Menurut perspektif etimologi, istilah korupsi berasal dari bahasa latin, corruption, corruptus, yang berarti suatu perbuatan buruk, busuk, bejat, dapat disuap, tidak bermoral, dan pasti tidak suci.

Menurut perspektif hukum, definisi korupsi secara gamblang telah dijelaskan dalam 13 buah pasal dalam UU No 31 Tahun 1999 Jo. UU No 20 Tahun 2001. Berdasarkan pasal-pasal tersebut, korupsi dirumuskan kedalam tiga puluh bentuk/jenis tindak pidana korupsi. Pasal-pasal tersebut menerangkan secara terperinci mengenai perbuatan yang bisa dikenakan pidana penjara karena korupsi. Ketigapuluh bentuk/jenis tindak pidana korupsi tersebut pada dasarnya dapat dikelompokkan sebagai berikut: (1) kerugian keuangan negara; (2) suap-menyuap; (3) penggelapan dalam jabatan; (4) pemerasan; (5) perbuatan curang; (6) benturan kepentingan dalam pengadaan; (7) gratifikasi.

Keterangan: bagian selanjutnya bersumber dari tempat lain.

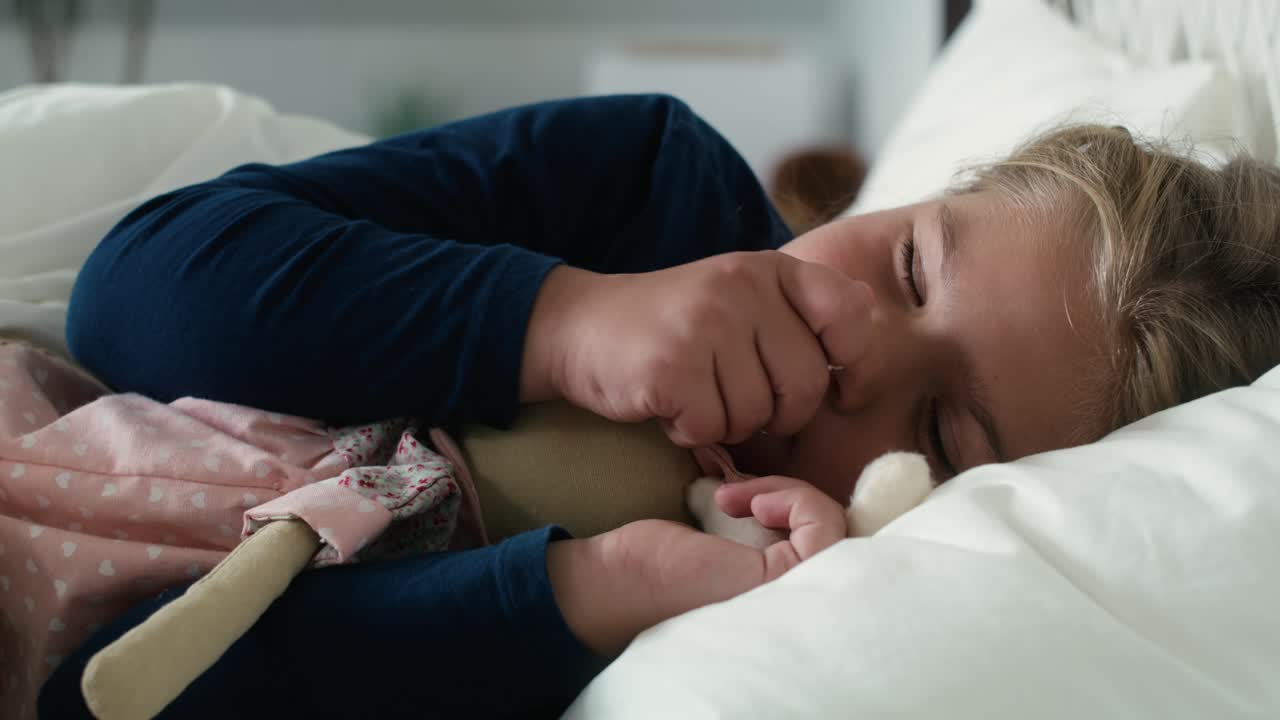 Bambina in età scolare malata a letto con l'influenza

Berdasarkan rumusan dalam UU tersebut, maka definisi korupsi dapat dirumuskan sebagai berikut "suatu perbuatan setiap orang, dalam arti orang perseorangan atau korporasi, yang melawan hukum dengan maksud dan tujuan memperkaya diri sendiri, orang lain atau korporasi yang berakibat merugikan keuangan negara atau perekonomian negara. Perbuatan melawan hukum tersebut dapat berupa penyalahgunaan kewenangan/kekuasaan, kesempatan, sarana atau kedudukan yang ada pada dirinya, melakukan penggelapan uang atau surat berharga, memalsukan, memberikan uang sogok/pelican atau janji-janji, atau berbuat curang.

Jadi unsur-unsur dalam korupsi adalah:
- Setiap orang
- Melawan hukum
- Melakukan perbuatan
- Memperkaya diri sendiri, orang lain atau korporasi
- Merugikan keuangan negara atau perekonomian negara

Mengapa  Terjadi Korupsi?

Secara sederhana, korupsi terjadi karena adanya niat dan kesempatan. Niat hanya akan dilaksanakan apabila terdapat situasi yang kondusif untuk melakukan perbuatan korupsi. Sebaliknya, situasi yang kondusif untuk melakukan perbuatan korupsi bisa menimbulkan niat seseorang untuk berbuat korupsi.

 Siapa Pelaku Korupsi?

Korupsi dapat dilakukan oleh siapa saja, baik pejabat atau aparat pemerintah maupun swasta secara individu maupun kelembagaan.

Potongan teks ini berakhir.